Ныне с помощью квасцов красят в черный цвет, значит черное – в квасцах; с помощью индиго красят в синее, значит синее – в индиго. Но квасцы – не черные, а синее – не индиго. То есть, хотя и встретили мать явления, но не можем снова возвратиться к основе. Почему? Потому что слишком слабы, чтобы постигнуть этот круговорот. Гд е уж нам постигнуть превращения там, где нет еще ни квасцов, ни индиго! Творимые там превращения вырезай хоть на металле или на камне, пиши на бамбуке или на шелке – разве можно их перечесть! Отсюда – вещи не могут не рождаться в бытии. Малое и большое плывет в свободном странствии. Кончик осенней паутинки проскальзывает в неимеющее промежутка и возвращается, [превращаясь] в огромное; тростниковая пленка проходит в безграничное и снова возвращается в великую толщину. Не обладающее и тонкостью осенней паутинки, толщиной даже тростниковой пленки[180] распространяется на четыре стороны беспредельно, проходит в не имеющее границ. Никому не подвластное, никем не сдерживаемое, оно умножает малое, утолщает тонкое, то поднимет, то опустит тьму вещей, играючи, творит изменения. Кто в пространстве между небом и землей может рассуждать о нем?

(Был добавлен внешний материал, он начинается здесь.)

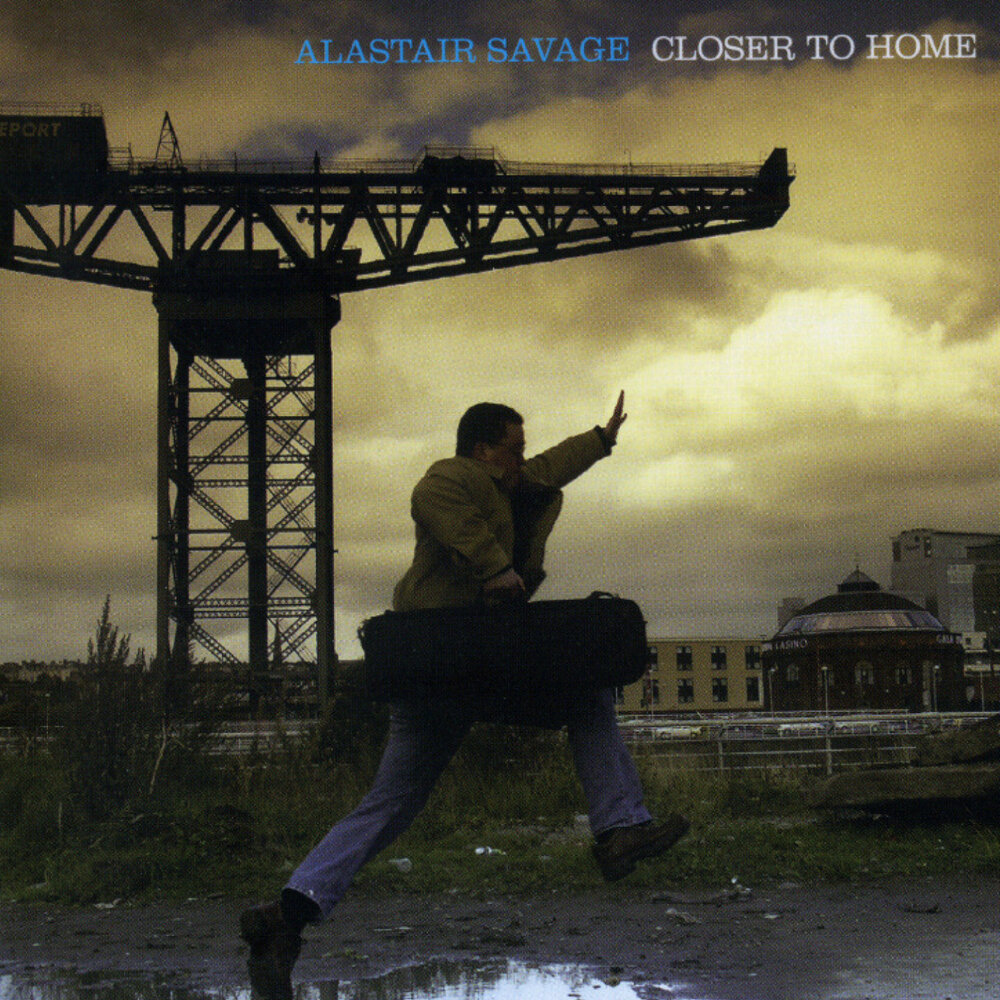 Closer to home. Savage Alone. Alastair Music.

Буйный ветер выворачивает деревья, но не может вырвать волоска с головы. Падающий с башни заоблачной высоты ломает кости, разбивает голову, а комары и мухи спокойно опускаются, паря. Если уж всякая летающая малость, берущая форму из одной [с нами] клети, седлающая небесную пружину вместе с червями и насекомыми, способна освобождаться от своей природы, то что уж говорить о том, что никогда не принадлежало к видам? Отсюда ясно, что бесформенное рождает имеющее форму.